Lev Kuleshov is a Russian filmmaker who edited together a short film where a shot of an expressionless face was matched with various other shots such as a plate of soup, a girl in a coffin and a woman on a divan. The audiences believed that each time the face expression would change and they praised the subtle acting. The effect was that effective the audience said they were deeply moved by how sorrowful the actor looked after the image of the dead child. The audience was not aware that the same shot of the actor's face was re-used, and the effect is created entirely by its superimposition with other images to express how the character is feeling.

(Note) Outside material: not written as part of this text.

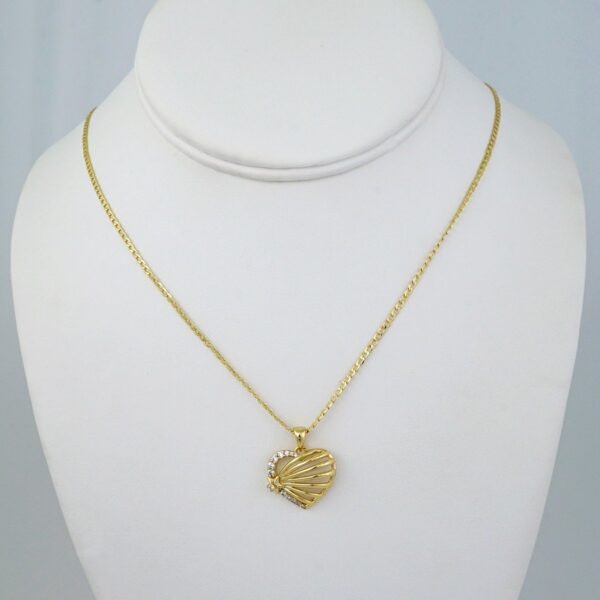 Cadenas & Colgantes/ Chain/Pendants /  14K Real Color/  Zircon Stone/  2mmx45cm// SET1041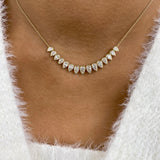 Diamond Charm Necklace 2.8 ct Yellow Gold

Kuleshov used the experiment to indicate the usefulness and effectiveness of film editing. The implication is that viewers brought their own emotional reactions to this sequence of images, and then moreover attributed those reactions to the actor, investing his impassive face with their own feelings. Kuleshov believed this, along with montage, had to be the basis of cinema as an independent art form.
The effect has also been studied and used by famous director Alfred Hitchcock. An example of when he used this is explained in the famous "Definition of Happiness" interview, where he explains in detail many types of editing. The final one which he calls "pure editing", is explained visually using the Kuleshov effect. In the first version, Hitchcock is squinting, and the audience sees footage of a woman with a baby. The screen then returns to Hitchcock's face, now smiling. In effect, he is a kind old man. In the second example, the woman and baby are replaced with a woman in a bikini, to which Hitchcock exclaims, "Now look, he has become the dirty old man."